Ale Husavik to znacznie więcej niż wieloryby. W Landnámabók, czyli „Księdze o osiedleniu”, znajdziemy informację, że to właśnie to miasteczko było pierwszym miejscem, do którego dopłynęli dawni Skandynawowie, konkretnie – szwedzki wiking Garðar Svavarsson. Dotarł na Islandię przypadkiem, gubiąc drogę podczas sztormu w trakcie rejsu na Hybrydy. Taki był początek „zatoki domów”, czyli Husavik, a także skandynawskiego zasiedlenia całej wyspy. Dziś to niemal pocztówkowe miasteczko – z typowo islandzką zabudową, kolorowymi drewnianymi domkami, urokliwymi portami i dziesiątkami zacumowanych kutrów. Ciekawostką, burzącą nieco ten idylliczny, sielski krajobraz, jest fakt, że w Husavik przez kilka lat (od 2004 do 2011) działało Islandzkie Muzeum Fallologiczne, dające niepowtarzalną okazję przyjrzenia się z bliska… penisom niemal 280 ssaków.

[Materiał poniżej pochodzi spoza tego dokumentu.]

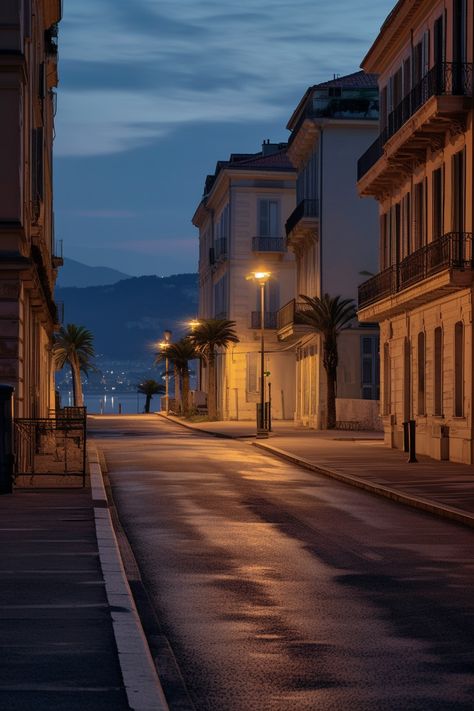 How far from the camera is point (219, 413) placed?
83375 millimetres

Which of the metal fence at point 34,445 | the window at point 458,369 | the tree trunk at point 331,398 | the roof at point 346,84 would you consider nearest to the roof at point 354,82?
the roof at point 346,84

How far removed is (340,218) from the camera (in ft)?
210

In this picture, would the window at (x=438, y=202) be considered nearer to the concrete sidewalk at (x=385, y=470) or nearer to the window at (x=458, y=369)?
the window at (x=458, y=369)

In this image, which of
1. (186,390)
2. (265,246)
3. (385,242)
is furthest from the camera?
(186,390)

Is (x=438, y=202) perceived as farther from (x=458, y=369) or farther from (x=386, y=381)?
(x=386, y=381)

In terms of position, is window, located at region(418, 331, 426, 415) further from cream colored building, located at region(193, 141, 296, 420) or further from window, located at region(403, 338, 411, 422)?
cream colored building, located at region(193, 141, 296, 420)

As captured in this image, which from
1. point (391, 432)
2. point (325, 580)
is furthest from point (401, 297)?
point (325, 580)

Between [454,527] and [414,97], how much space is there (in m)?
21.4

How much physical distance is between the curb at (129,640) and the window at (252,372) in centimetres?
6680

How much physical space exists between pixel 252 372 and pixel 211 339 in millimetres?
4240

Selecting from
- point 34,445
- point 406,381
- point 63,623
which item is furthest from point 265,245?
point 63,623

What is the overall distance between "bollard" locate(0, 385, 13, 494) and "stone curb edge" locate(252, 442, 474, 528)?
6.01 m

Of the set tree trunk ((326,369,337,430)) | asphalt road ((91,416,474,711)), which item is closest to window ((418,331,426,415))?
asphalt road ((91,416,474,711))

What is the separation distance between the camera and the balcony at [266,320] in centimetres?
8194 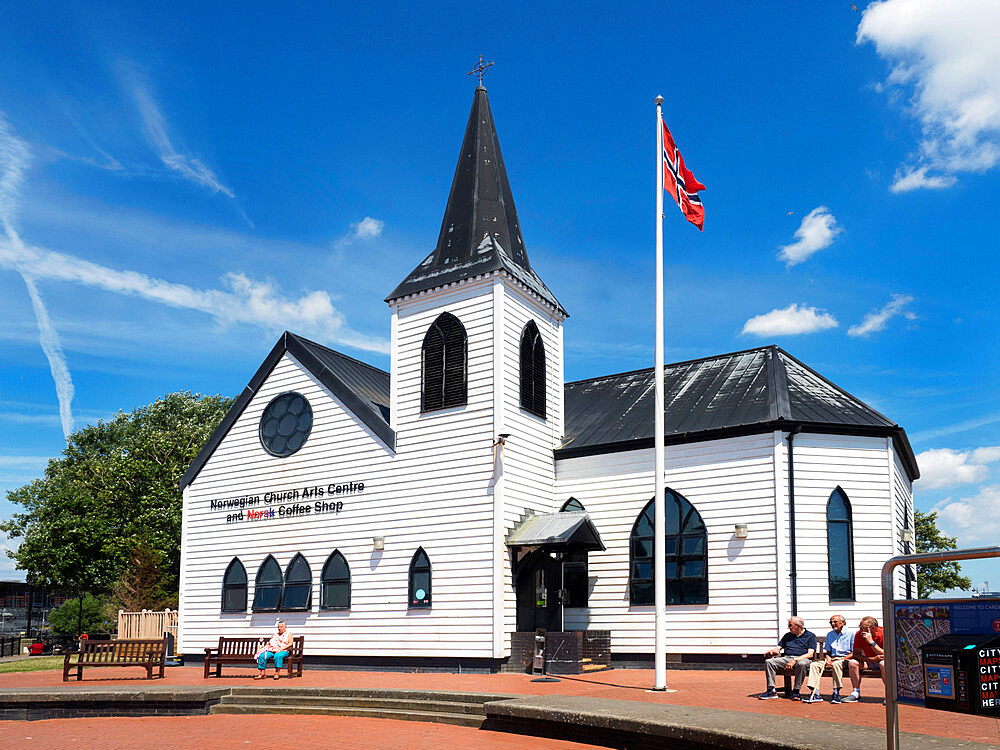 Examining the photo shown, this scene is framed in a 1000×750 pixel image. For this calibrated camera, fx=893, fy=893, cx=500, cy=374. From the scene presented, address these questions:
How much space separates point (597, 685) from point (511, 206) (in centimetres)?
1270

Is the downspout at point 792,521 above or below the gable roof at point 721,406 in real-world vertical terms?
below

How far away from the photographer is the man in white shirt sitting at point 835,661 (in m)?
12.4

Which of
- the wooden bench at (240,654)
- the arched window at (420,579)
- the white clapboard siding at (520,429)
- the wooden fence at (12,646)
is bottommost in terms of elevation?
the wooden fence at (12,646)

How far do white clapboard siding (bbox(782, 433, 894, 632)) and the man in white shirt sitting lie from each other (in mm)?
3687

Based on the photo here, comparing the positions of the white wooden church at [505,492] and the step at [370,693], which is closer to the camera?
the step at [370,693]

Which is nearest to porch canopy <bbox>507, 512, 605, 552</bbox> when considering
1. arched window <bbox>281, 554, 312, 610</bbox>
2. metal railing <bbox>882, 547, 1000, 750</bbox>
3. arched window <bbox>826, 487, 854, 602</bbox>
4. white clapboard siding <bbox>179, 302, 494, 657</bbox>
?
white clapboard siding <bbox>179, 302, 494, 657</bbox>

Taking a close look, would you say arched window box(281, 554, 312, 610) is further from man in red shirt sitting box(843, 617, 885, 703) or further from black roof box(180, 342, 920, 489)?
man in red shirt sitting box(843, 617, 885, 703)

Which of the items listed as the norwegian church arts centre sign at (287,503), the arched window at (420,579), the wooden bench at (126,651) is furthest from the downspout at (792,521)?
the wooden bench at (126,651)

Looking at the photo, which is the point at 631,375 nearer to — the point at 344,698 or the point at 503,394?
the point at 503,394

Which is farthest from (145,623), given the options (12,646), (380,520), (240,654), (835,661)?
(835,661)

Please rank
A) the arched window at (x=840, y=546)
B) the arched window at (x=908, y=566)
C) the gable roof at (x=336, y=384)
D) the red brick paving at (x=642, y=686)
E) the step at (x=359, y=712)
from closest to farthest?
the red brick paving at (x=642, y=686) < the step at (x=359, y=712) < the arched window at (x=840, y=546) < the arched window at (x=908, y=566) < the gable roof at (x=336, y=384)

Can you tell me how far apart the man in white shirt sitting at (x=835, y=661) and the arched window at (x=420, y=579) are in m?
8.90

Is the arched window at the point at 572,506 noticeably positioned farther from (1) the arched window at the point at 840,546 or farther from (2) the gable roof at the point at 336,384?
(1) the arched window at the point at 840,546

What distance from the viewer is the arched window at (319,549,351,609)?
2100cm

W 2011 r. syn pomysłodawcy tego niezwykłego przybytku uznał, że Reykjavik jest odpowiedniejszym miejscem na prezentowanie światu zbiorów muzeum, w tym m.in. ważącego ponad 70 kg i mierzącego 170 cm długości penisa kaszalota. To jest Islandia, tego nie zrozumiesz.

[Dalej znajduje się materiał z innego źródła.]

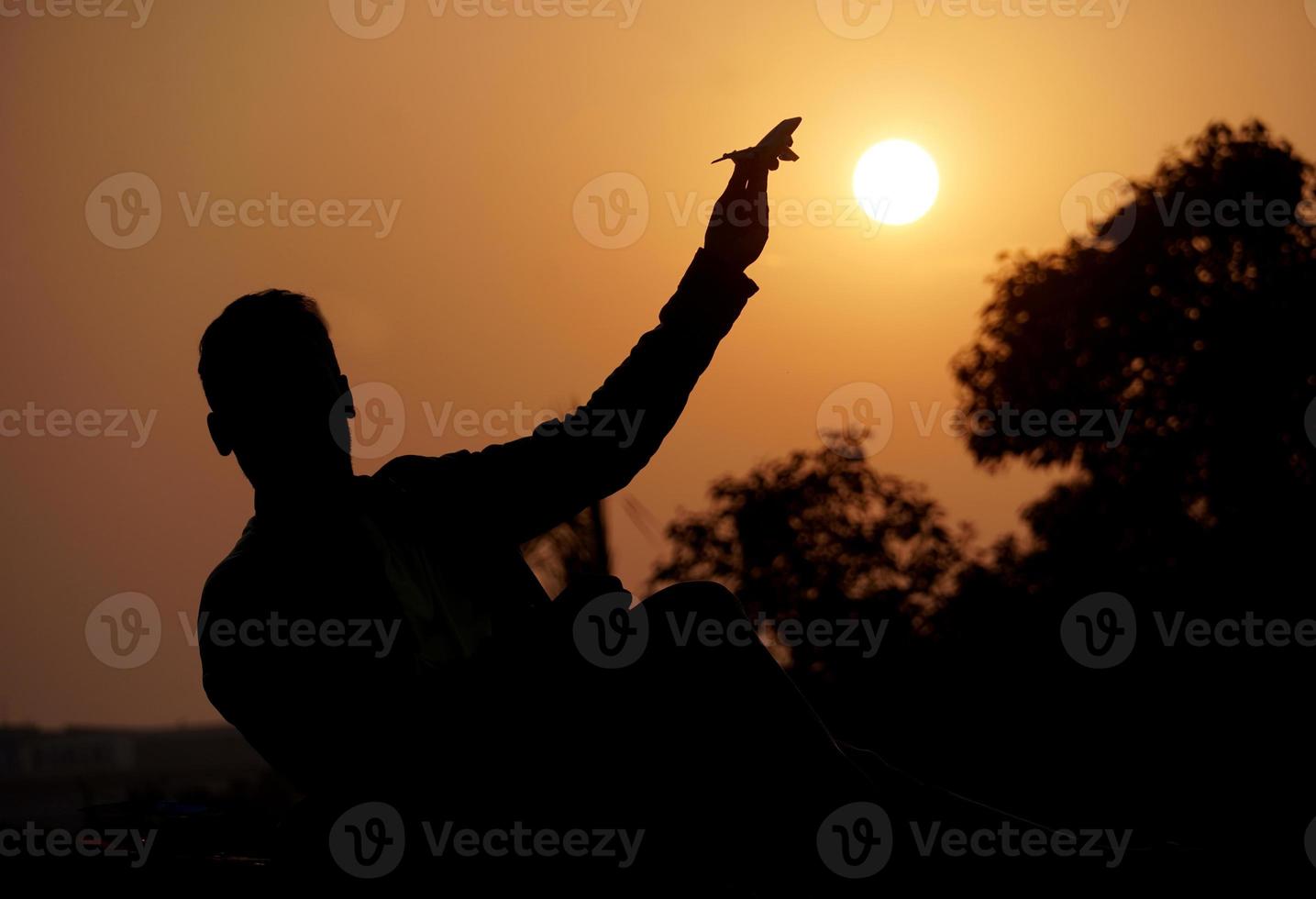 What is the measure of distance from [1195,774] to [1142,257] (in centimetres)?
1209

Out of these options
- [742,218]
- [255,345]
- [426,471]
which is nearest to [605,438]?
[426,471]

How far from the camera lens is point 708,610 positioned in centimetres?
241

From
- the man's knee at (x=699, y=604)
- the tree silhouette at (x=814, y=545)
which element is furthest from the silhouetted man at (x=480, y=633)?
the tree silhouette at (x=814, y=545)

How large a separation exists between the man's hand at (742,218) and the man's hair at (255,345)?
0.83 m

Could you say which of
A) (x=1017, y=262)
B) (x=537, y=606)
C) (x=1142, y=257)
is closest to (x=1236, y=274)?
(x=1142, y=257)

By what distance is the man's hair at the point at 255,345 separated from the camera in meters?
2.88

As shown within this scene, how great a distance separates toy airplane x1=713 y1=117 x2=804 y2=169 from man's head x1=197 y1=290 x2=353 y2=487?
97 cm

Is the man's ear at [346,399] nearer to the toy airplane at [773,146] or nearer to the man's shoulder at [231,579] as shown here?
the man's shoulder at [231,579]

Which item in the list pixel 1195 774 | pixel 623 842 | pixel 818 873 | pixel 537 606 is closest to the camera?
pixel 818 873

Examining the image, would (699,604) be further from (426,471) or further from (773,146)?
(773,146)

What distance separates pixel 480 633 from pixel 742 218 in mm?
1028

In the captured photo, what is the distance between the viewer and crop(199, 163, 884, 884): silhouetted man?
233 cm

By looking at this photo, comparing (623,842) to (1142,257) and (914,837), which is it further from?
(1142,257)

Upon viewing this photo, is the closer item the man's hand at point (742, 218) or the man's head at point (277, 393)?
the man's head at point (277, 393) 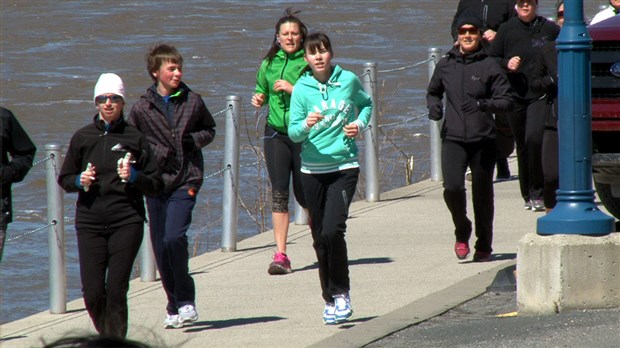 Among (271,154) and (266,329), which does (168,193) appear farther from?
(271,154)

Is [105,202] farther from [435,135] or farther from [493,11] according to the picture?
[435,135]

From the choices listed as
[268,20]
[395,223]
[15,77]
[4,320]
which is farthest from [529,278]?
[268,20]

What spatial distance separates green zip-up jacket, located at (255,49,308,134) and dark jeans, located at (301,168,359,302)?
1.46m

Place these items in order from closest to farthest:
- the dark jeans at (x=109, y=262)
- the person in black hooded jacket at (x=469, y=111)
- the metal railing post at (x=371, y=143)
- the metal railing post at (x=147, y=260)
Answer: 1. the dark jeans at (x=109, y=262)
2. the person in black hooded jacket at (x=469, y=111)
3. the metal railing post at (x=147, y=260)
4. the metal railing post at (x=371, y=143)

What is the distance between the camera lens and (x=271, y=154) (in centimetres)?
926

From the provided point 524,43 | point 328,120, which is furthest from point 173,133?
point 524,43

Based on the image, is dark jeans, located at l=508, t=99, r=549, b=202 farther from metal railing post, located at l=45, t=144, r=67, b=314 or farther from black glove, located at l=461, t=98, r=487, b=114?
metal railing post, located at l=45, t=144, r=67, b=314

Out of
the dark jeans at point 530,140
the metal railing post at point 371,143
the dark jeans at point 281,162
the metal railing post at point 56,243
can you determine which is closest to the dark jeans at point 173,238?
the metal railing post at point 56,243

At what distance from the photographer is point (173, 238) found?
7527mm

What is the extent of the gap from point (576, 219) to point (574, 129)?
0.49 metres

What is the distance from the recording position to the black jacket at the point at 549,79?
9.69 m

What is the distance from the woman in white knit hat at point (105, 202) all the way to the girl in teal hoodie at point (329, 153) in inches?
37.9

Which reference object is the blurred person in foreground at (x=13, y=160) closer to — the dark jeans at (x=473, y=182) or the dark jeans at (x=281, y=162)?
the dark jeans at (x=281, y=162)

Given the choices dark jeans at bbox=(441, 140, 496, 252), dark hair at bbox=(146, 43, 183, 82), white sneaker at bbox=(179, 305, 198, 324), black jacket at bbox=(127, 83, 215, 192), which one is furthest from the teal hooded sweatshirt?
dark jeans at bbox=(441, 140, 496, 252) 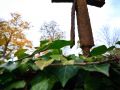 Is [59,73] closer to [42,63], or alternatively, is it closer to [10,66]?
[42,63]

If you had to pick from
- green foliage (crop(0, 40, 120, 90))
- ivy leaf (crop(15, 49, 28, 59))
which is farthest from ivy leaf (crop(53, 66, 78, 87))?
ivy leaf (crop(15, 49, 28, 59))

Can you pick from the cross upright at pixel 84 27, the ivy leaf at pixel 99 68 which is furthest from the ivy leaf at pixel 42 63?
the cross upright at pixel 84 27

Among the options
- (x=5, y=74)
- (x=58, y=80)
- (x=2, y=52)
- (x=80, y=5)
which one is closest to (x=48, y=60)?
(x=58, y=80)

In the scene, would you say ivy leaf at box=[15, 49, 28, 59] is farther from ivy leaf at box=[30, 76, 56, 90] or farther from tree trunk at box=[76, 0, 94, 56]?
tree trunk at box=[76, 0, 94, 56]

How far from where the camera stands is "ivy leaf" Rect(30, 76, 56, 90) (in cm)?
103

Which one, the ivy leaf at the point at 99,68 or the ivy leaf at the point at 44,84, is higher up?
the ivy leaf at the point at 99,68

MÝVATN, CZYLI JEZIORO TAJEMNIC
WODOSPAD GODAFOSS – WODOSPAD BOGÓW
Pomiędzy jeziorem Mývatn, a Akureyri – stolicą północnej Islandii – natrafimy na jeden z najbardziej imponujących i spektakularnych wodospadów na całej wyspie. Szeroki na 30 m i wysoki na 12 m Godafoss zasilany jest mleczno-niebieskimi wodami rzeki Skjálfandafljót. Wody „drżącej rzeki” (tak dosłownie tłumaczy się nazwę Skjálfandafljót) spadają z kilkunastometrowej wysokości trzema kaskadami w formie litery „U”. Niesamowity spektakl natury potęguje jeszcze bezpośrednie otocznie wodospadu, tj. ciągnące się kilometrami pola lawowe, będące pozostałością po wulkanicznej aktywności tego terenu. A czemu akurat „wodospad bogów”? Ano zgodnie z jedną z wielu islandzkich legend ok. roku 1000 wódz Thorgeir Thorkelsson na posiedzeniu parlamentu Althing podjął decyzję o chrystianizacji Islandii. Symbolicznym gestem zerwania z dawnymi wierzeniami było wrzucenie do wód dzisiejszego Godafoss wizerunków pogańskich bóstw.